Тело Христово — живой организм, который Самарин называл «организм любви.» И поэтому, первое действие собирания народного — это не толпа, а это составление общины, которая стоит перед лицом Божиим, и общины, которая только тогда может стоять достойно перед Божиим лицом, когда эта община есть организм любви.
Отсюда прямое следствие, то, что говорит Спаситель «Если соберешься в храм и вспомнишь, что брат твой на тебя что-либо имеет, оставь свой дар, пойди примирись с твоим братом и только тогда иди в храм» — потому что вне этой тайны и этого таинства любви присутствие в храме бессмысленно. Если у нас нет сил, нам надо бороться, но нельзя принимать за нормальное, за естественное стояние в одном храме с чувством отчужденности по отношению к тем, которые с вами стоят; они или являются плотью от плоти вашей, костью от кости вашей, или они являются единым телом Христовым, в котором каждый член дорог и значителен для других; вспомните слова Павла: «Может ли болеть один член тела без того, чтобы всё тело не страдало? Может ли радоваться один член без того, чтобы эта радость не простиралась на всех? Или это так или это не Церковь, и тот, кто вне этой тайны любви также вне тайны Божественной Литургии».

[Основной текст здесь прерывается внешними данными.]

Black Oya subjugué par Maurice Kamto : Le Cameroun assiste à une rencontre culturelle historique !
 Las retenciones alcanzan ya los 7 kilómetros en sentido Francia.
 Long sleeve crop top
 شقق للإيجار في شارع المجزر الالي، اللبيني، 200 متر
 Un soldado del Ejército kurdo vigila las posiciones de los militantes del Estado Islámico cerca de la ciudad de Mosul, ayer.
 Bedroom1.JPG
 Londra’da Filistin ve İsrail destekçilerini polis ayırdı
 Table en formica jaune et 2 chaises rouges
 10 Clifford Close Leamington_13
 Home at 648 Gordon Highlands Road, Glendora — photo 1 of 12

И это надо воспринимать самым резким, беспощадным, прямолинейным образом, и поэтому у нас так всё слабо, так всё неглубоко, что мы гораздо легче относимся к нашему участию в Божественной службе. Это подготовка, это приход в храм. Но если мы воспринимаем храм как Церковь, которую мы все составляем, тогда понятны наставления отцов Церкви и духовных писателей и мои настойчивые призывы к тому, что в храме должны царствовать совершенная тишина и безмолвие, потому что это время, когда мы можем встретиться друг со другом только на глубинах, а совсем не на той поверхности, которая сказывается приветствиями, улыбками, разговорами. Мы все знаем, как трудно собраться, как трудно сосредоточиться, войти в себя, установиться на той глубине и на той точке молитвенного покоя, где можно стоять перед Богом. И всякий человек, который не делает этого для себя, поступает преступно и по отношению к себе и по отношению к святыне, которая будет совершаться. Он относится к ним небрежно, сознательно небрежно, и подпадает опять под суд апостольского слова «проклят всякий творящий дело Божие с небрежением. Горе ему». И, с другой стороны, всякий, кто не дает другому войти во внутреннюю клеть своей души, углубиться и вмолчаться в тишину, стать перед лицом Божиим, поступает преступно, потому что он нарушает самое основное в общей молитве.
Потому что общая молитва может начаться только из этих глубин, общая молитва не начинается на поверхности; на поверхности может быть почитание Бога устами, могут быть те или иные действия, которые можно совершить почти что без внимания, но это не молитва, это не церковное предстояние, на этой плоскости мы Бога не встречаем, или только самым краем души, тем краем, которым, всё-таки, где углублен, мы можем что-то ощутить и пережить.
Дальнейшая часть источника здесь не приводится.